The 2005–06 season was the 97th season in the Football League played by Barnsley F.C., a professional football club based in Barnsley, South Yorkshire, England.

Season summary 
Having appointed Andy Ritchie as manager after a successful spell as caretaker manager, the Reds started the season in mixed form, picking up 14 points in their first 11 games. A run of 10 games unbeaten followed, as Barnsley found themselves in 4th place and 3 points off the promotion places. Barnsley continued their strong form into the second half of the season, finishing fifth in the league, on 72 points. This meant Barnsley would face Yorkshire rivals Huddersfield Town in a play-off semi-final.
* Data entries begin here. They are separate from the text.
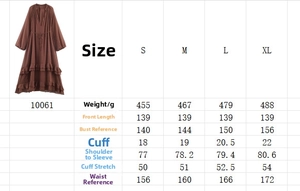 Size chart showing detailed measurements and weight for the bohemian chiffon long dress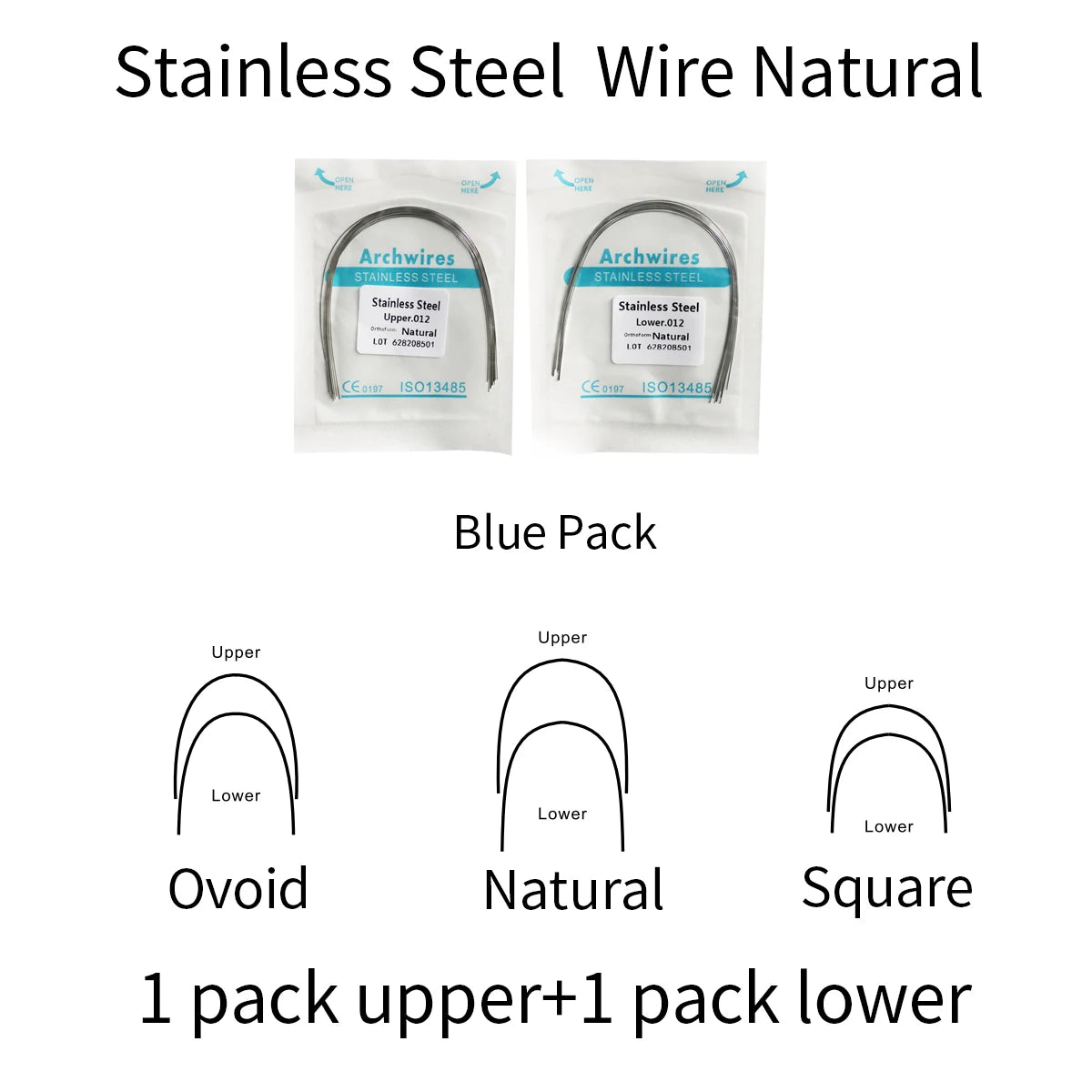 2 Packs Stainless Steel Arch Wires – 20pcs Natural Round & Rectangle Wires for Upper & Lower Braces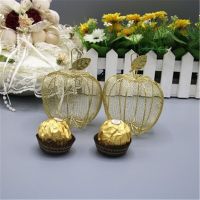 Golden wrought iron apple shaped iron cage crafts Wedding candy box gift box jewelry box Storage Boxes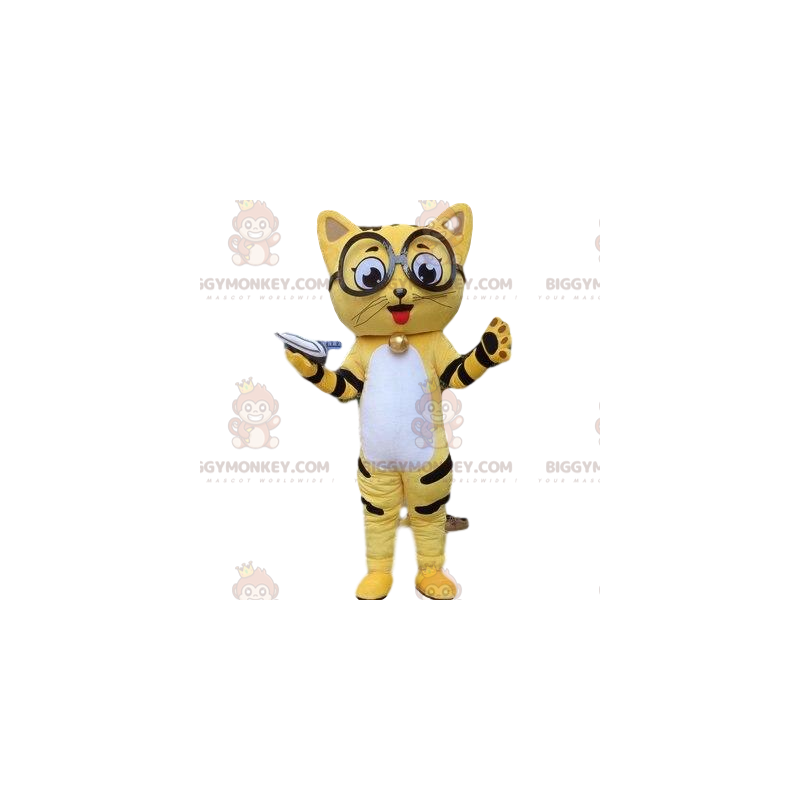 Traje de mascote BIGGYMONKEY™ gato amarelo e Cortar L (175-180CM)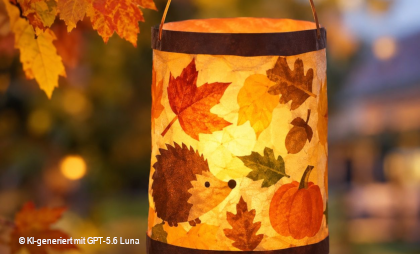 KI-generiertes Bild, das eine herbstlich dekorierte Laterne zeigt.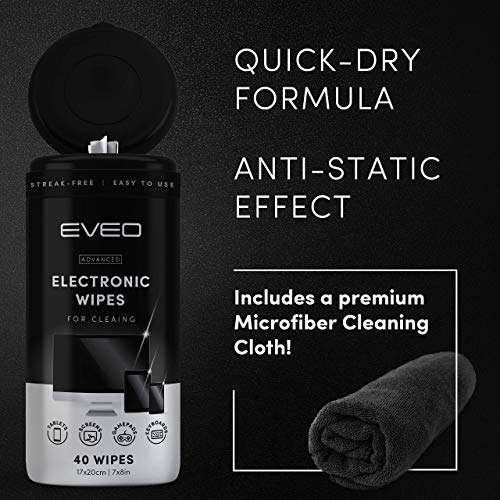 Electronic Wipes Streak-Free for Screen Cleaner & Smart Watch [2 Pack x 40] TV Screen, Smart TV, Computer Screen, Laptop, Phone, Tablet, and Electronics Devices - Microfiber Cloth Included [80 Wipes] 4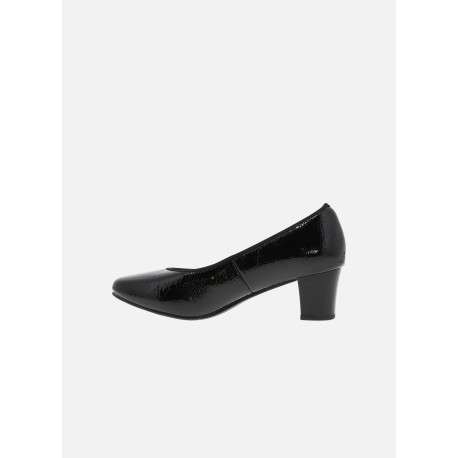 Escarpins noirs vernis avec semelle à talon décroché moyen épais - Image 3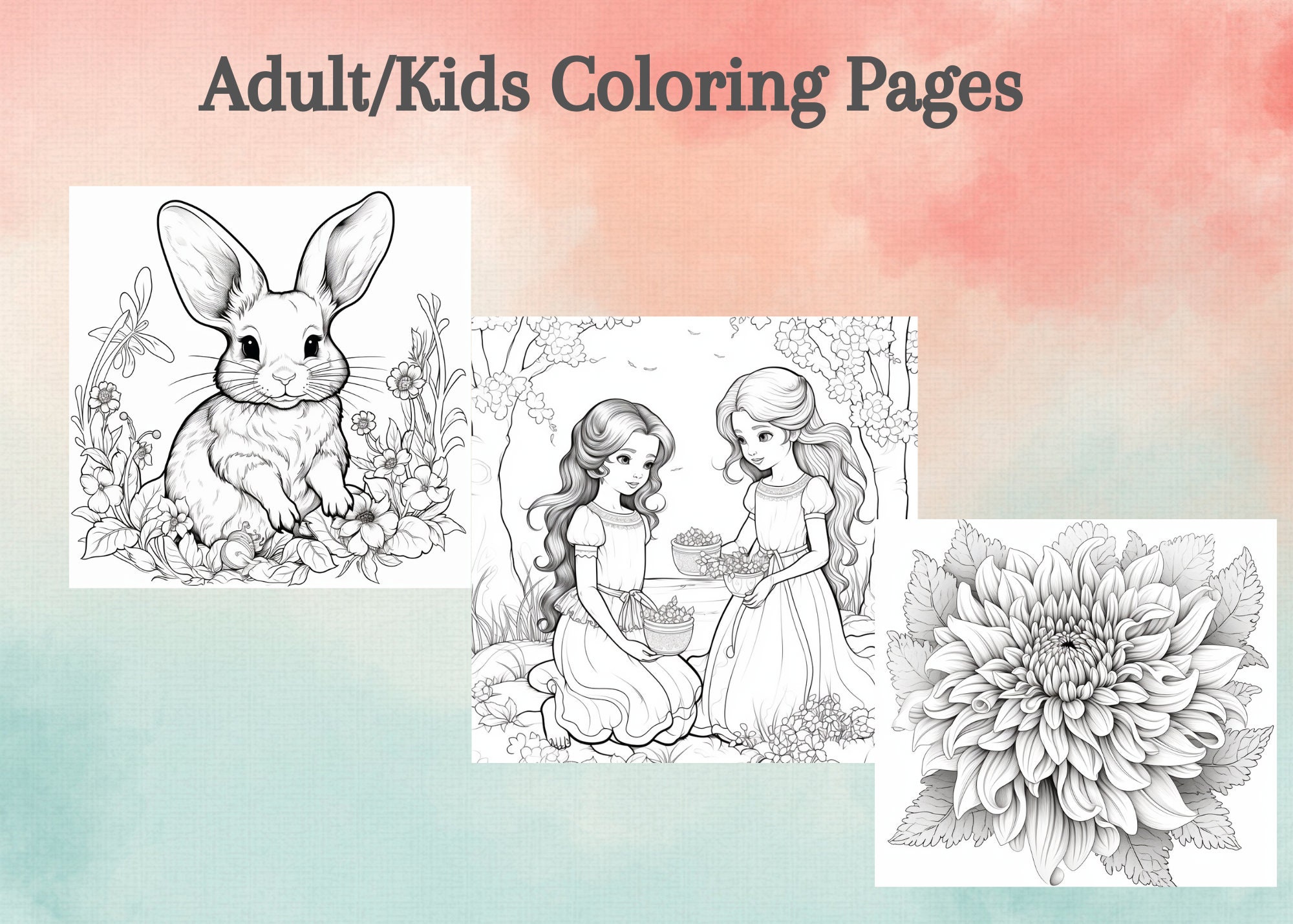 Adult/kids Coloring Pages - Etsy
After losing the first leg at home 1–0 it appeared that Barnsley were resigned to another season in League One. However, Barnsley took the lead in the away leg, with Paul Hayes scoring a penalty after being fouled by Danny Schofield. Huddersfield went on to equalise but goals from captain Paul Reid and a 77th-minute winner from Daniel Nardiello meant Barnsley would be playing in the play-off final against Swansea City who had beaten third placed Brentford. This was also the first time in the history of the playoffs in all three divisions that a side had overturned a first leg deficit after losing the first leg at home.

The final was played at the Millennium Stadium, Cardiff on 27 May 2006 in front of a crowd of 55,419. Barnsley took the lead through a Paul Hayes opener but Swansea replied with goals from ex-Red Rory Fallon and Andy Robinson following a blunder by keeper Nick Colgan. A Barnsley equaliser came from a Daniel Nardiello free kick, but neither team could find a winner in either normal time or extra time, despite Swansea's Lee Trundle coming close late on. 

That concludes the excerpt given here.